The term is often infused with Manifest Destiny, the iconic notion fostered throughout the 19th and 20th centuries that the United States is “predetermined” to expand westward and beyond. These two visions of America have, at times, been revisited to justify military and ideological interventions toward other nations. And so here we are with Syria.

Our current administration, while previously promoting a “new” foreign policy, now rails, with moral outrage, against Syria's unconscionable use of chemical weapons. While one could argue the fine points of government intelligence and geopolitics, there is a more worthwhile discussion if we examine exceptionalism and destiny against current events.

No one can doubt the power amassed through the United States' natural resources, technological ingenuity and fundamental ideologies — the Constitution, Bill of Rights, free markets, a land of opportunity.

The diversity of our populace has contributed to a vibrant economic and civic discussion. Hence, why so many people from so many places flock to our shores to find prosperity. It would be a fool's proposition to argue that this hinders American greatness. Does all this make us exceptional or merely emphasize that the U.S. is a darn cool place to live?

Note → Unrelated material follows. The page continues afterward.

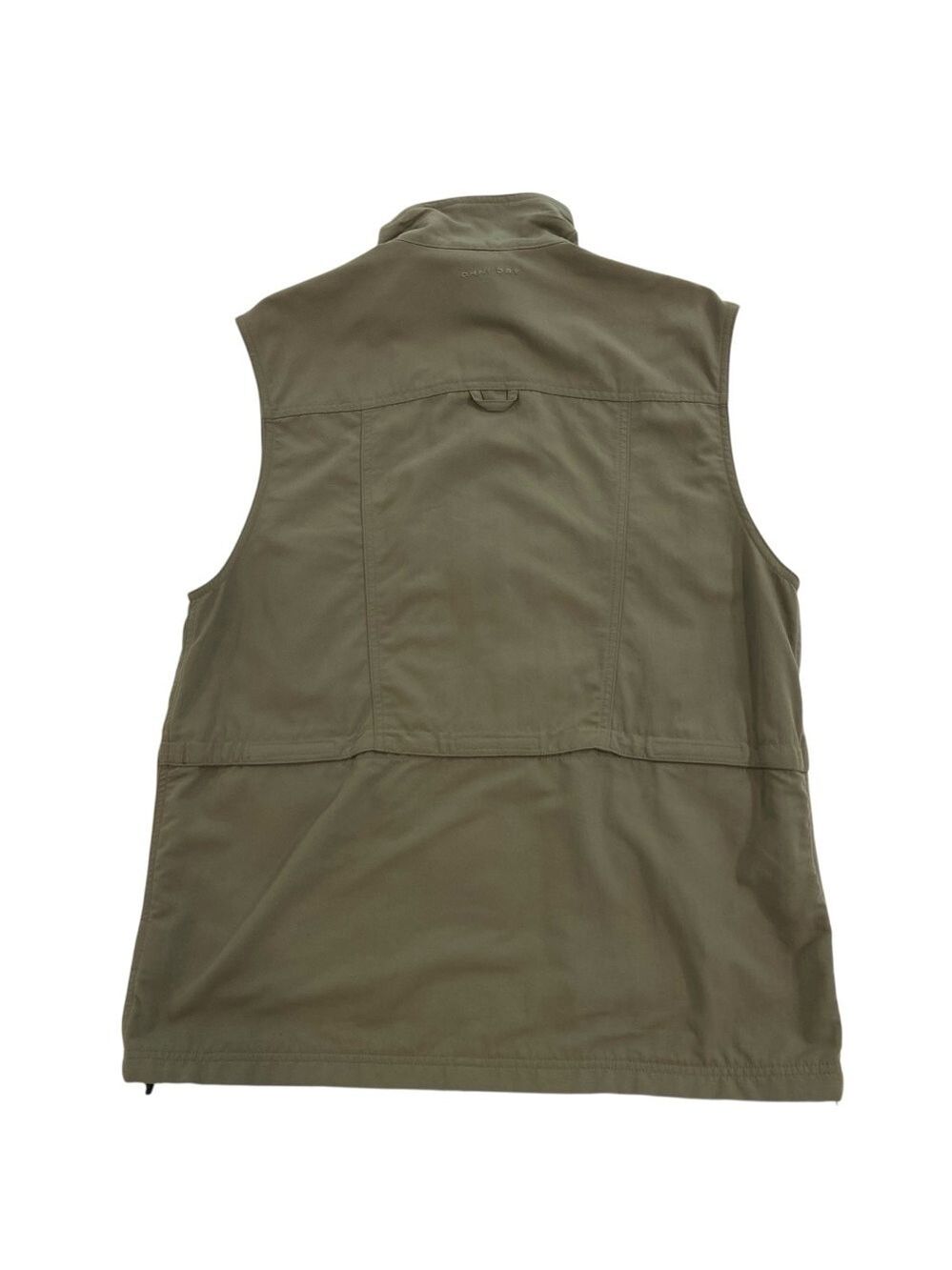 Columbia Titanium outdoor sleeveless jacket vest pockets men Medium olive green - Picture 7 of 16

Now to the question of destiny. Merriam-Webster defines destiny as “a predetermined course of events often held to be an irresistible power or agency.”

Some say God gave us this land and we must follow His plan. Others say we should develop strategies through human creation and ideals to bring peace. Regardless of one's stance on this contentious continuum, we grapple with how to use our stuff and what to do with our place in the world. Presently, as a nation, we are internally divided and, externally, we are ambiguous.

The situation in Syria is a glaring example of our current, confused approach to international relations. Should we use our “moral imperative” to warn Syria's President Bashar Assad against the use of chemical weapons by the use of air strikes? Does the U.S. have a position of ethical authority to rain violence on another nation's property and, possibly, its citizenry? The larger question is whether we are justified in a way that furthers the fundamental principles noted earlier in this letter. Are the Constitution and Bill of Rights adhered to and promoted? Would this action perpetuate free markets and opportunities for Americans?

This moment in history is another one of those “crossroads” we find ourselves in periodically. Will we re-evaluate and alter our decades-old interventionist policies or continue in them until we can no longer redress them at all? As our infrastructure crumbles, our schools deteriorate, our economy declines and our national spirit splinters, we must determine how we use our natural resources, technological ingenuity and national identity.

I would put forward that if we go ahead with strikes on Syria, “tailored” or not, our standing on the world stage will continue to diminish and we, as a nation, will grow weary and confused. If we still can put our money where our mouth is, it is imperative that we consider how we speak in a world vastly changed from our earlier, unlimited past. We do have limits now. They can guide us to a different but energetic prosperity or they can cave around us as we refuse to alter our national vision.

The United States of America cries out for leadership that replaces the same old thing with bold plans to reinvent our international place while reinvigorating a job-bare economy. It is time to care for our families and communities again with solutions backed with dollars. We simply cannot afford to care for other nations' problems while our own nation slides into the mire.